PROBLEM DETAILS = Only the text of the records, copied exactly, is wanted; no pictures.

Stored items

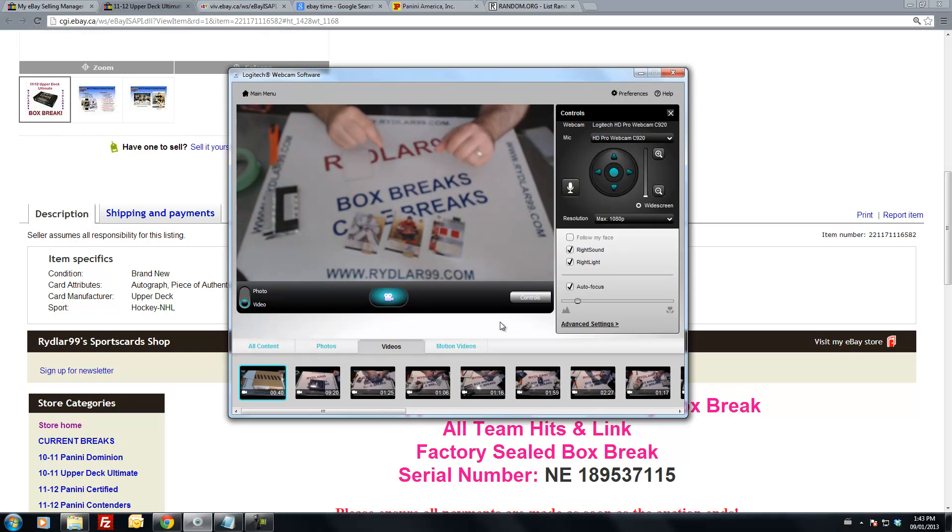I want to thank everybody for speeding the break, and let you guys know I have another box of Ultimate going tonight as well as a bunch of other stuff — 6 boxes tonight. Alright guys, have a great day.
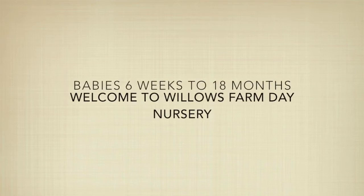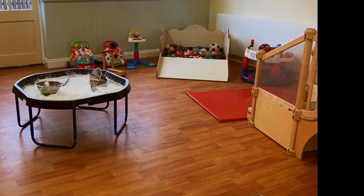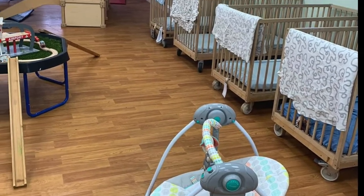Welcome to our baby room at Willow's Farm Day Nursery. This room is for children between the ages of 6 weeks to 18 months. We have different areas in the room for the children to be able to explore and express their own preferences and interests.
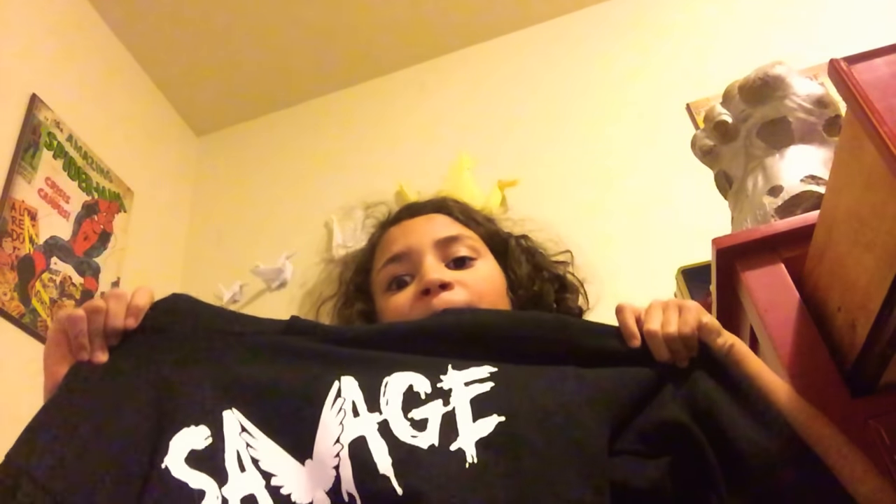And then I got this Logan Paul hoodie — it says 'Savage.' That's it! I hope you enjoyed this video, please like and subscribe. Bye guys!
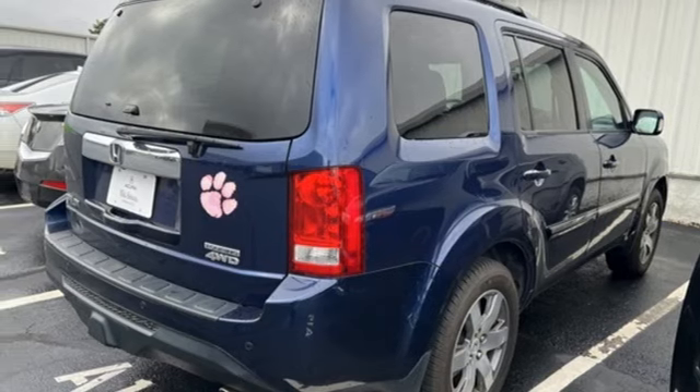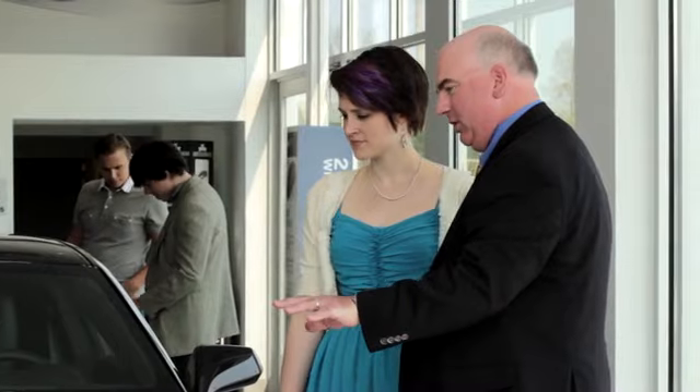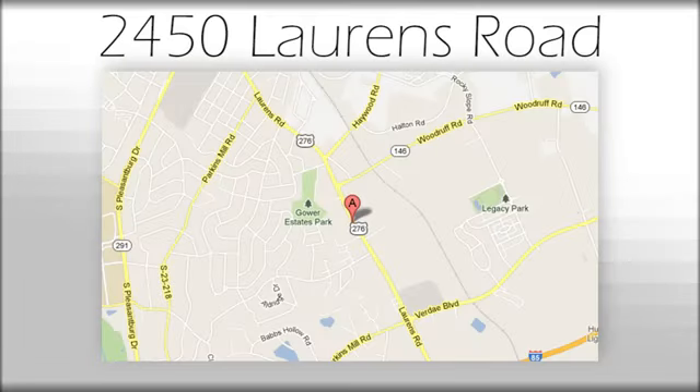Hurry in today for a test drive. We believe the cars we offer are the highest quality and ideal for your life needs. We look forward to doing business with you. Bradshaw Acura at 2450 Lawrence Road.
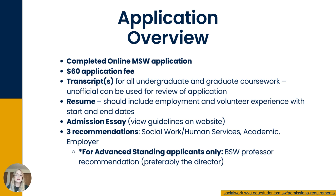For advanced standing applicants, there is an additional requirement: your academic recommendation must be from one of your BSW professors, preferably the director of your BSW program.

THE COMPLETED TASK =
I want to thank everybody for speeding the break, and let you guys know I have another box of Ultimate going tonight as well as a bunch of other stuff — 6 boxes tonight. Alright guys, have a great day.
Welcome to our baby room at Willow's Farm Day Nursery. This room is for children between the ages of 6 weeks to 18 months. We have different areas in the room for the children to be able to explore and express their own preferences and interests.
And then I got this Logan Paul hoodie — it says 'Savage.' That's it! I hope you enjoyed this video, please like and subscribe. Bye guys!
Hurry in today for a test drive. We believe the cars we offer are the highest quality and ideal for your life needs. We look forward to doing business with you. Bradshaw Acura at 2450 Lawrence Road.
For advanced standing applicants, there is an additional requirement: your academic recommendation must be from one of your BSW professors, preferably the director of your BSW program.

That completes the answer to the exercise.